— YOUR TASK —
All entries are to be quoted exactly; the images stay out of the copy.

(Stored items)
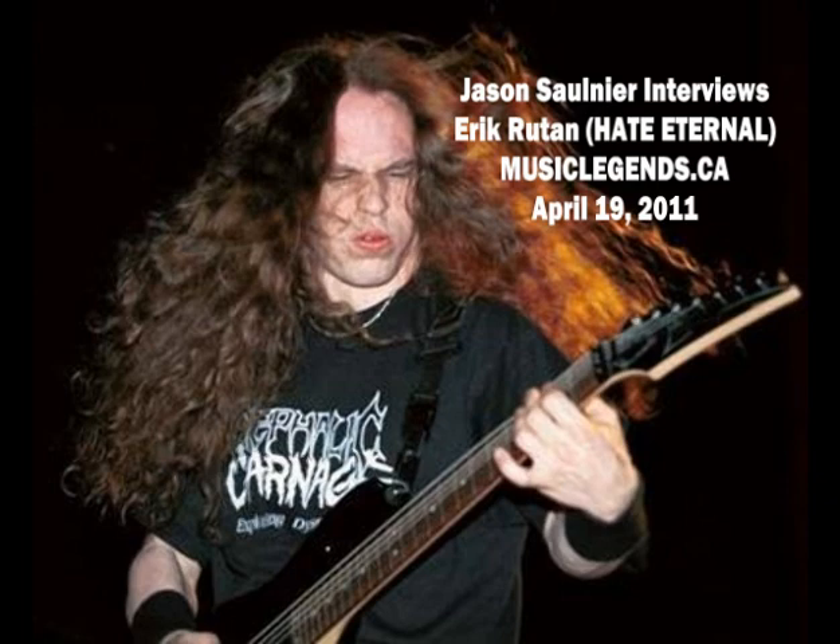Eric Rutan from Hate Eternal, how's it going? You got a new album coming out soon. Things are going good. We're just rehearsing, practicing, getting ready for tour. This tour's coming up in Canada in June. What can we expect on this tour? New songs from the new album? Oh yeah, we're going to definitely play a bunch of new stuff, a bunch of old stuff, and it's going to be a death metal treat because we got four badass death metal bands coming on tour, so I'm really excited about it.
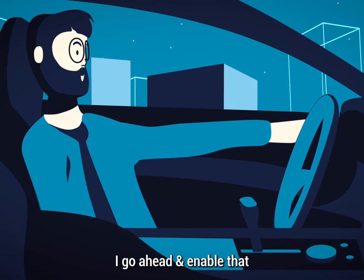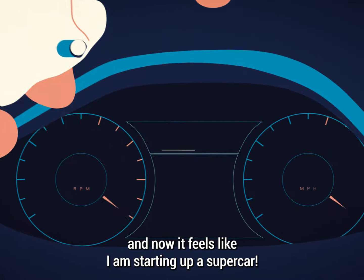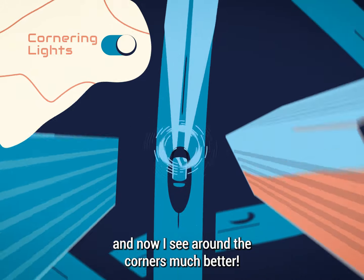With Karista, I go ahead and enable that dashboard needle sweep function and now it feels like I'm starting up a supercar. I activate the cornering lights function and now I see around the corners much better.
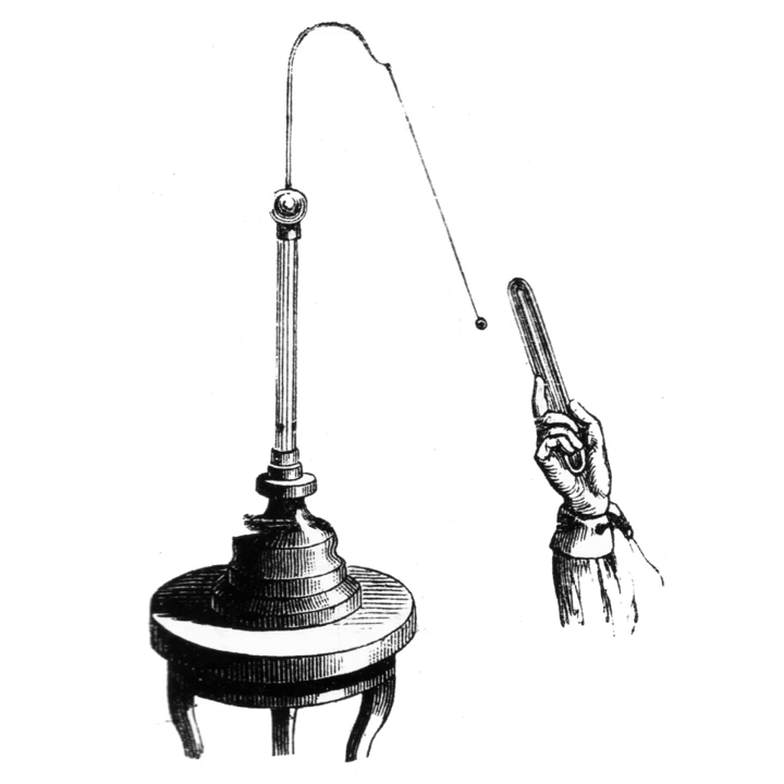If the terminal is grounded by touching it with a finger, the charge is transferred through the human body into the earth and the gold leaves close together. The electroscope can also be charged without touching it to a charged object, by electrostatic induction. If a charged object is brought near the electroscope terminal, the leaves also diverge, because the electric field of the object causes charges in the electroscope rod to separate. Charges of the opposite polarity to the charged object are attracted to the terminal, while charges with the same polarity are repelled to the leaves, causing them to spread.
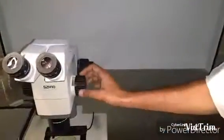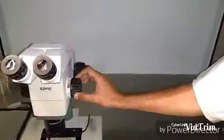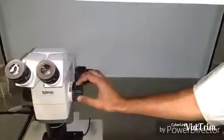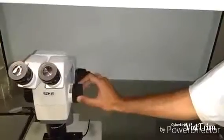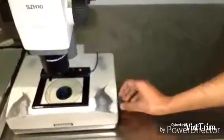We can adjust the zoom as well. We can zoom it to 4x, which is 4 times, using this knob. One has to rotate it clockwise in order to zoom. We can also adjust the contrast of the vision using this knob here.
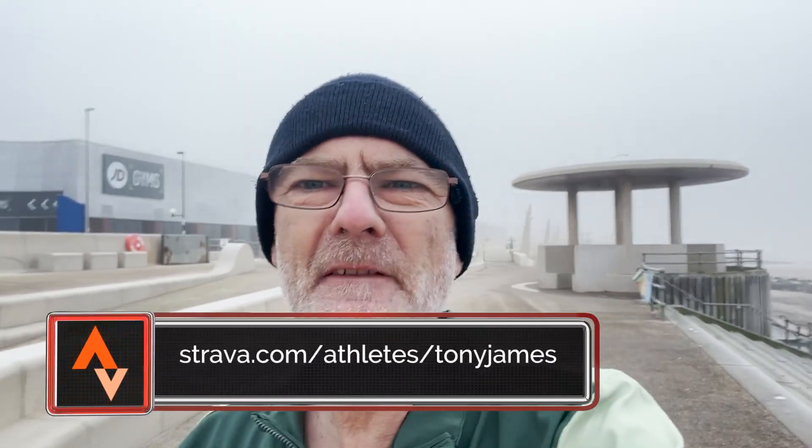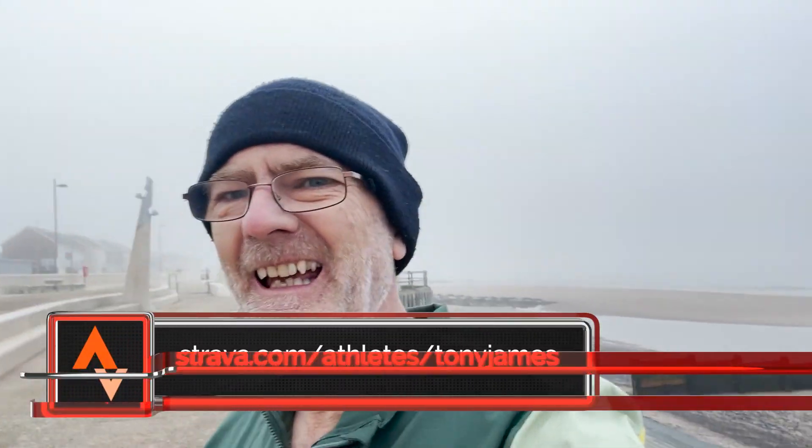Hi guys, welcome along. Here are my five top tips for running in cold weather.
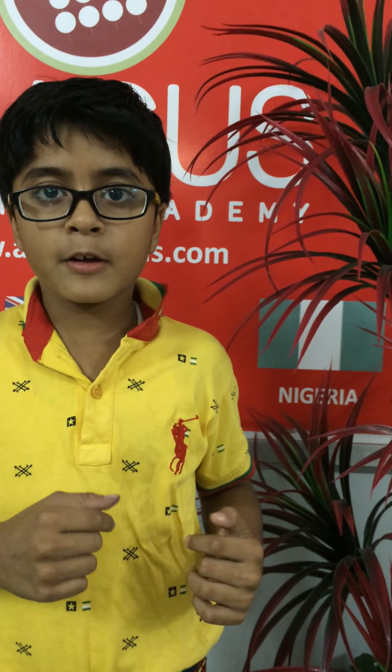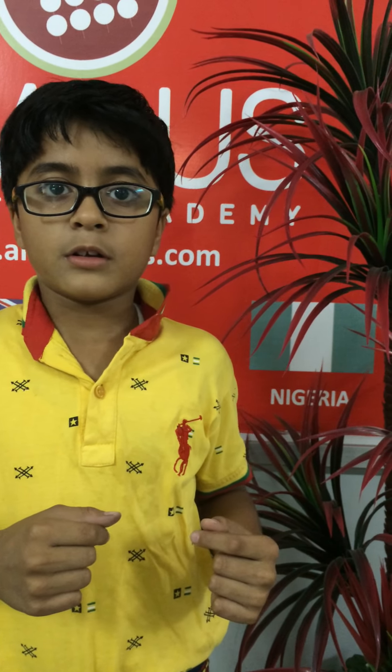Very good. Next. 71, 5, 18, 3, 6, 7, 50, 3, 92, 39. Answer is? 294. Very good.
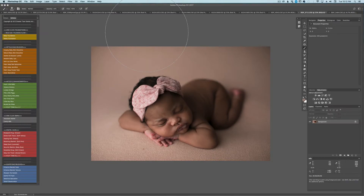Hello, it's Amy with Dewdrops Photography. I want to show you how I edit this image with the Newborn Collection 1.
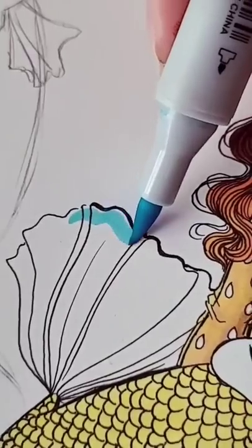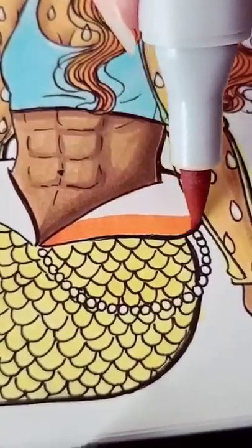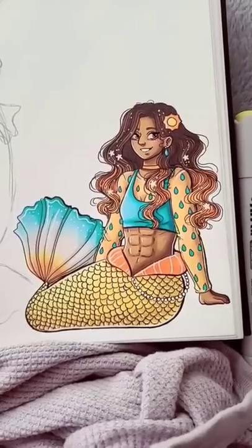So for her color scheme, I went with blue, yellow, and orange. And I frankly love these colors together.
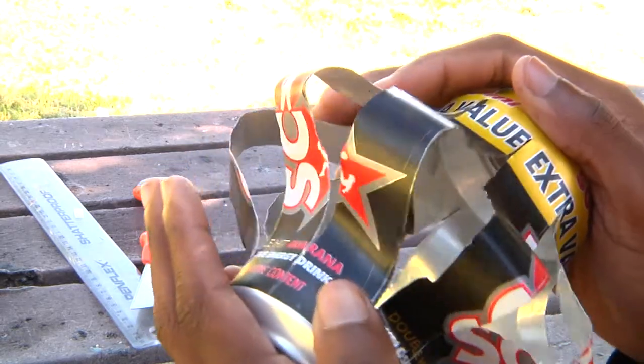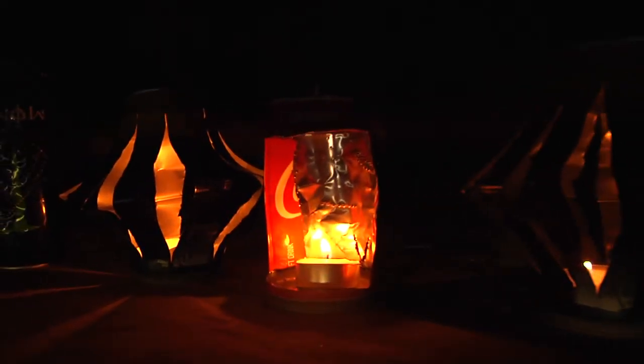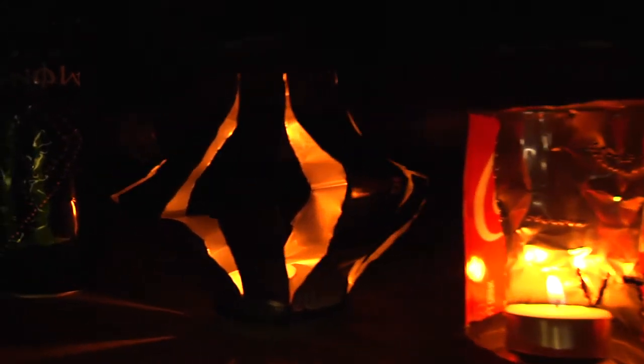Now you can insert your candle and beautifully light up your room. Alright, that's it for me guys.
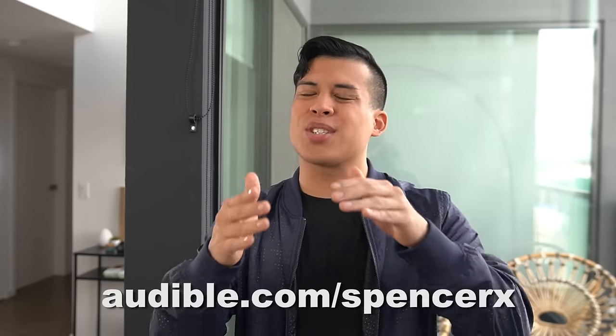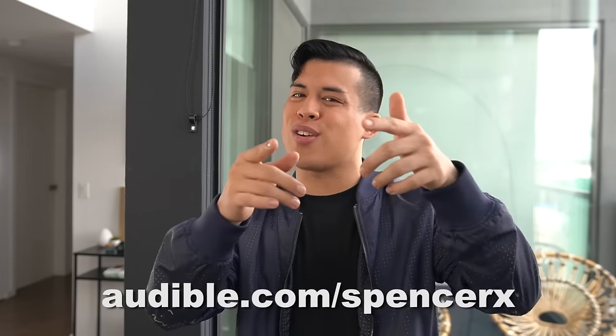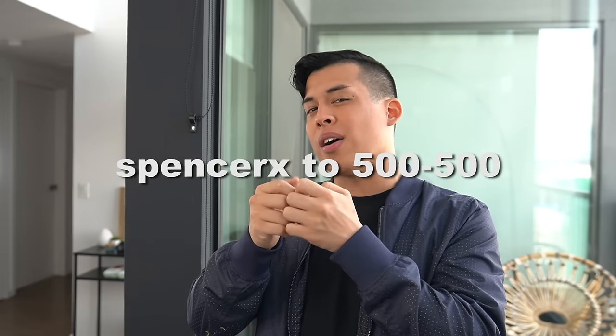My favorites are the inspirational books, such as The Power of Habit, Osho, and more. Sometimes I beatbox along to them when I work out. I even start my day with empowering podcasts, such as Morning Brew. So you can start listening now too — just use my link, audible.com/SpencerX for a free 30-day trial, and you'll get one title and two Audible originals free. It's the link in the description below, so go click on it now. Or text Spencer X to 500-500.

— ANSWER BELOW —
Eric Rutan from Hate Eternal, how's it going? You got a new album coming out soon. Things are going good. We're just rehearsing, practicing, getting ready for tour. This tour's coming up in Canada in June. What can we expect on this tour? New songs from the new album? Oh yeah, we're going to definitely play a bunch of new stuff, a bunch of old stuff, and it's going to be a death metal treat because we got four badass death metal bands coming on tour, so I'm really excited about it.
With Karista, I go ahead and enable that dashboard needle sweep function and now it feels like I'm starting up a supercar. I activate the cornering lights function and now I see around the corners much better.
If the terminal is grounded by touching it with a finger, the charge is transferred through the human body into the earth and the gold leaves close together. The electroscope can also be charged without touching it to a charged object, by electrostatic induction. If a charged object is brought near the electroscope terminal, the leaves also diverge, because the electric field of the object causes charges in the electroscope rod to separate. Charges of the opposite polarity to the charged object are attracted to the terminal, while charges with the same polarity are repelled to the leaves, causing them to spread.
We can adjust the zoom as well. We can zoom it to 4x, which is 4 times, using this knob. One has to rotate it clockwise in order to zoom. We can also adjust the contrast of the vision using this knob here.
Hi guys, welcome along. Here are my five top tips for running in cold weather.
Very good. Next. 71, 5, 18, 3, 6, 7, 50, 3, 92, 39. Answer is? 294. Very good.
Hello, it's Amy with Dewdrops Photography. I want to show you how I edit this image with the Newborn Collection 1.
So for her color scheme, I went with blue, yellow, and orange. And I frankly love these colors together.
Now you can insert your candle and beautifully light up your room. Alright, that's it for me guys.
My favorites are the inspirational books, such as The Power of Habit, Osho, and more. Sometimes I beatbox along to them when I work out. I even start my day with empowering podcasts, such as Morning Brew. So you can start listening now too — just use my link, audible.com/SpencerX for a free 30-day trial, and you'll get one title and two Audible originals free. It's the link in the description below, so go click on it now. Or text Spencer X to 500-500.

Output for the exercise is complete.